Set vs Multi-set in specific examples

Question

I'm not a set theorist, but I feel like I've been taught all my life that I can write sets with repeating elements but those repeats are sort of degenerate and not counted as separate. So $\{a, b, a\} = \{a, b\}$. This always fit nicely with the fact that I could only check if two sets are equal by asking if they are subsets of one another. But a (computer science with math background) colleague of mine got into a long debate with me on whether I'm ever allowed to do this without referring to some multiset. For a moment I said, OK, maybe I've just not been careful. But now I'm seeing this issue pop up everywhere. Below is a recent example from notes I was writing for my students.

Can anyone help me with a reference to the fact that $\{a, b, a\} = \{a, b\}$ is definitely OK or not OK??

Example:
For a group $G$ and an element $a \in G$, define
$$\langle a \rangle := \{ a^n \in G \vert n \in \mathbb{Z} \}$$

Of course if the group is finite then for some $n \ne m$ we have $a^n = a^m$ and I feel like this is used a lot to describe this fairly reasonable set. In some sense it has repeating elements but if you take the approach above it's not an issue at all.
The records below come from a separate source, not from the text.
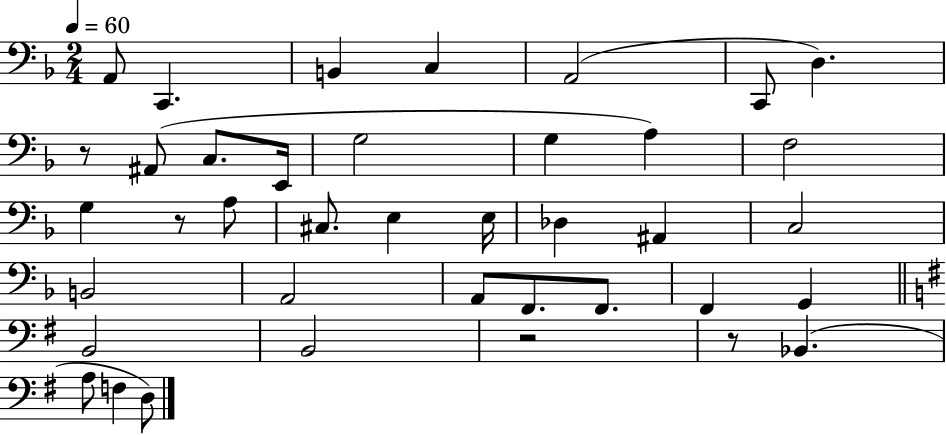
{
  \clef bass
  \numericTimeSignature
  \time 2/4
  \key f \major
  \tempo 4 = 60
  a,8 c,4. | b,4 c4 | a,2( | c,8 d4.) | \break r8 ais,8( c8. e,16 | g2 | g4 a4) | f2 | \break g4 r8 a8 | cis8. e4 e16 | des4 ais,4 | c2 | \break b,2 | a,2 | a,8 f,8. f,8. | f,4 g,4 | \break \bar "||" \break \key e \minor b,2 | b,2 | r2 | r8 bes,4.( | \break a8 f4 d8) | \bar "|."
}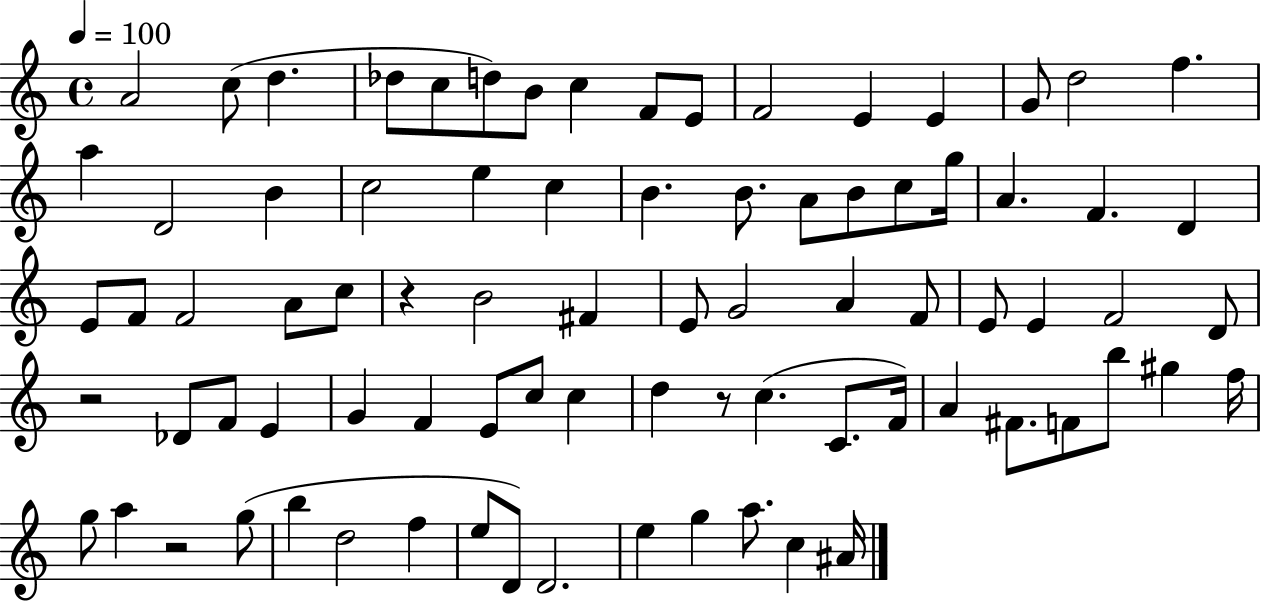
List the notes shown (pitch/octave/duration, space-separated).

A4/h C5/e D5/q. Db5/e C5/e D5/e B4/e C5/q F4/e E4/e F4/h E4/q E4/q G4/e D5/h F5/q. A5/q D4/h B4/q C5/h E5/q C5/q B4/q. B4/e. A4/e B4/e C5/e G5/s A4/q. F4/q. D4/q E4/e F4/e F4/h A4/e C5/e R/q B4/h F#4/q E4/e G4/h A4/q F4/e E4/e E4/q F4/h D4/e R/h Db4/e F4/e E4/q G4/q F4/q E4/e C5/e C5/q D5/q R/e C5/q. C4/e. F4/s A4/q F#4/e. F4/e B5/e G#5/q F5/s G5/e A5/q R/h G5/e B5/q D5/h F5/q E5/e D4/e D4/h. E5/q G5/q A5/e. C5/q A#4/s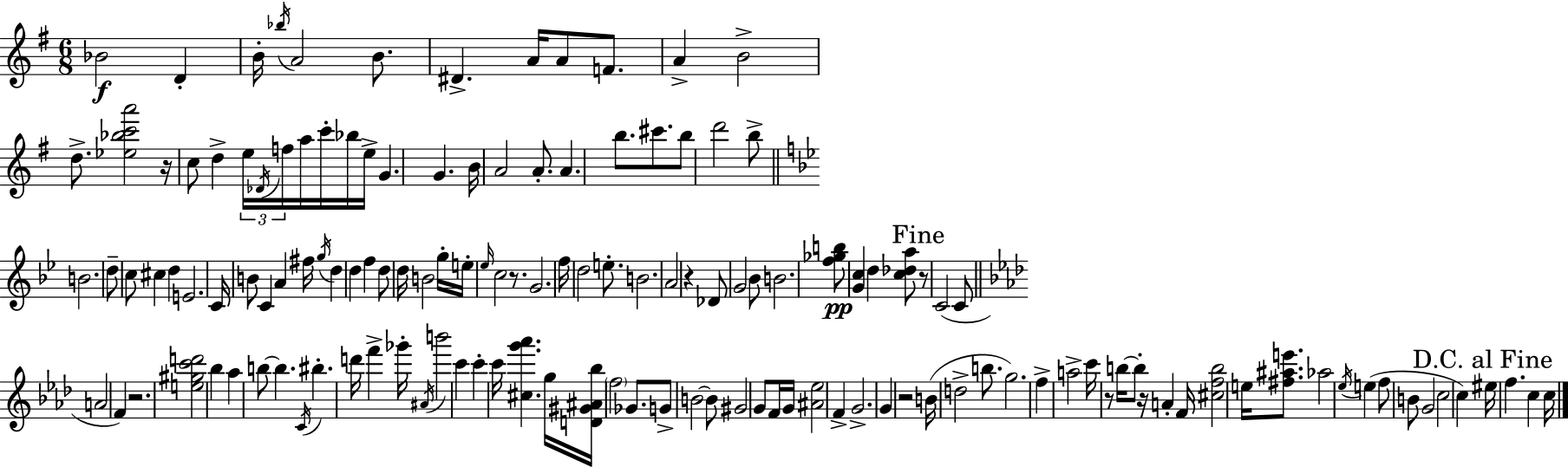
X:1
T:Untitled
M:6/8
L:1/4
K:G
_B2 D B/4 _b/4 A2 B/2 ^D A/4 A/2 F/2 A B2 d/2 [_e_bc'a']2 z/4 c/2 d e/4 _D/4 f/4 a/4 c'/4 _b/4 e/4 G G B/4 A2 A/2 A b/2 ^c'/2 b/2 d'2 b/2 B2 d/2 c/2 ^c d E2 C/4 B/2 C A ^f/4 g/4 d d f d/2 d/4 B2 g/4 e/4 _e/4 c2 z/2 G2 f/4 d2 e/2 B2 A2 z _D/2 G2 _B/2 B2 [f_gb]/2 [Gc] d [c_da]/2 z/2 C2 C/2 A2 F z2 [e^gc'd']2 _b _a b/2 b C/4 ^b d'/4 f' _g'/4 ^A/4 b'2 c' c' c'/4 [^cg'_a'] g/4 [D^G^A_b]/4 f2 _G/2 G/2 B2 B/2 ^G2 G/2 F/4 G/4 [^A_e]2 F G2 G z2 B/4 d2 b/2 g2 f a2 c'/4 z/2 b/4 b/2 z/4 A F/4 [^cfb]2 e/4 [^f^ae']/2 _a2 _e/4 e f/2 B/2 G2 c2 c ^e/4 f c c/4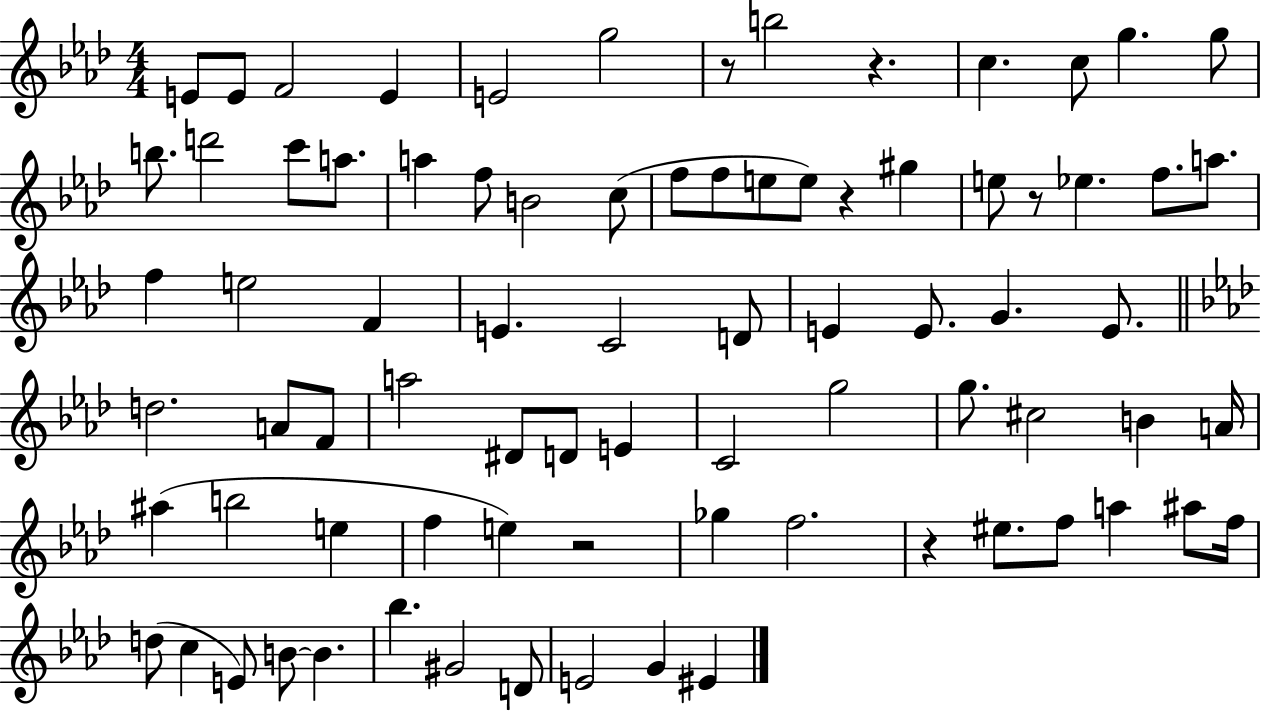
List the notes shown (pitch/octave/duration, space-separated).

E4/e E4/e F4/h E4/q E4/h G5/h R/e B5/h R/q. C5/q. C5/e G5/q. G5/e B5/e. D6/h C6/e A5/e. A5/q F5/e B4/h C5/e F5/e F5/e E5/e E5/e R/q G#5/q E5/e R/e Eb5/q. F5/e. A5/e. F5/q E5/h F4/q E4/q. C4/h D4/e E4/q E4/e. G4/q. E4/e. D5/h. A4/e F4/e A5/h D#4/e D4/e E4/q C4/h G5/h G5/e. C#5/h B4/q A4/s A#5/q B5/h E5/q F5/q E5/q R/h Gb5/q F5/h. R/q EIS5/e. F5/e A5/q A#5/e F5/s D5/e C5/q E4/e B4/e B4/q. Bb5/q. G#4/h D4/e E4/h G4/q EIS4/q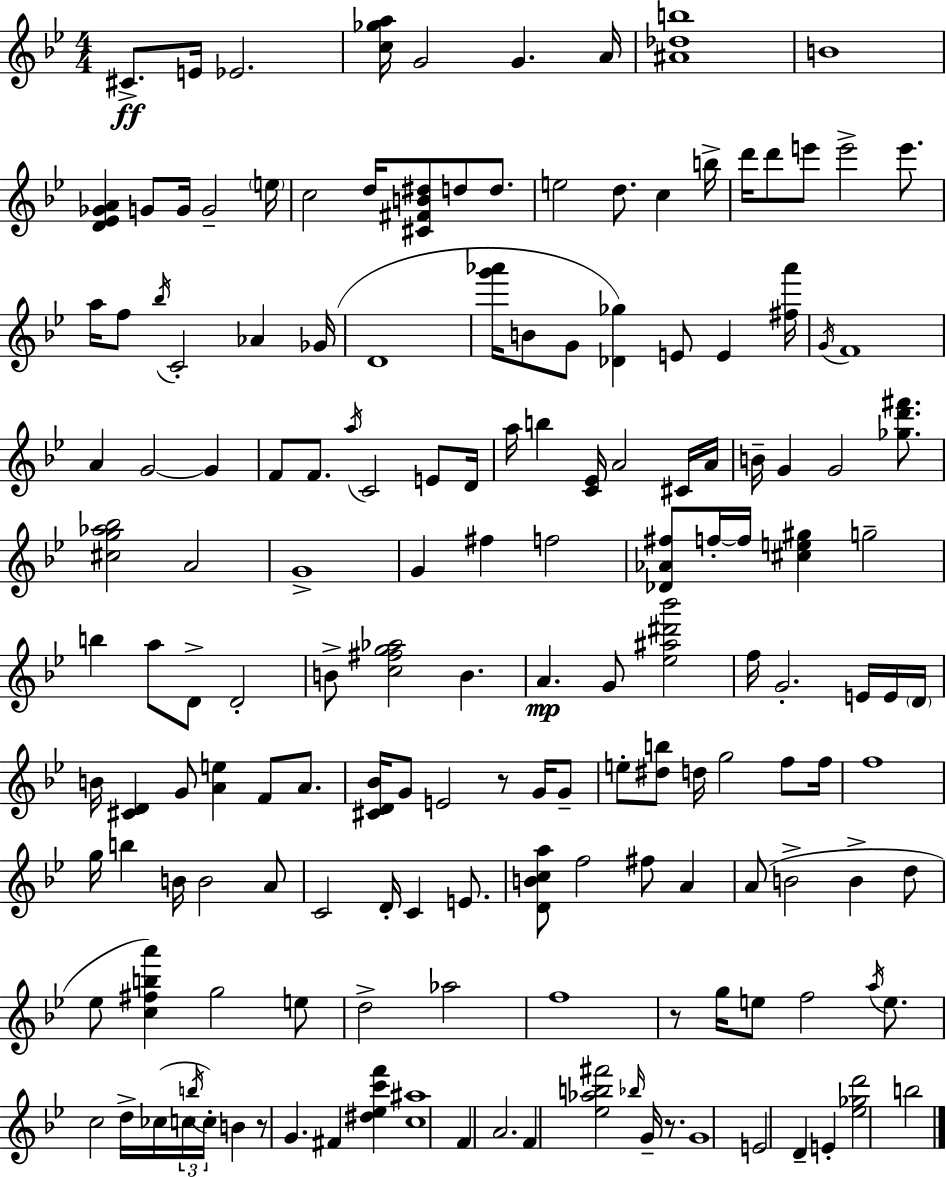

What am I missing?

Answer 1

I believe the best reference would include the reason why duplicate elements are extraneous.

It's due to the Axiom of Extentionality.

From Kunen's, Set Theory: An Introduction to Independence Proofs

Axiom of Extentionality

$$\forall x\forall y[\forall z(z\in x\iff z\in y) \iff x=y]$$

In English, two sets are equal if and only if they have the same elements.

So, $\{a,b,c\}= \{a,a,b,b,c,c\}$ by the Axiom.

On page 12, you see the explicit example that $\{x,x\} = \{x\}$.

To see why this generalizes (from a different perspective)

Notice that by the Axiom of Extentionality,

$$\forall x(z\in x\Rightarrow x\cup\{z\} =x)$$

So, adding elements to a set, that are already in it- doesn't change the set.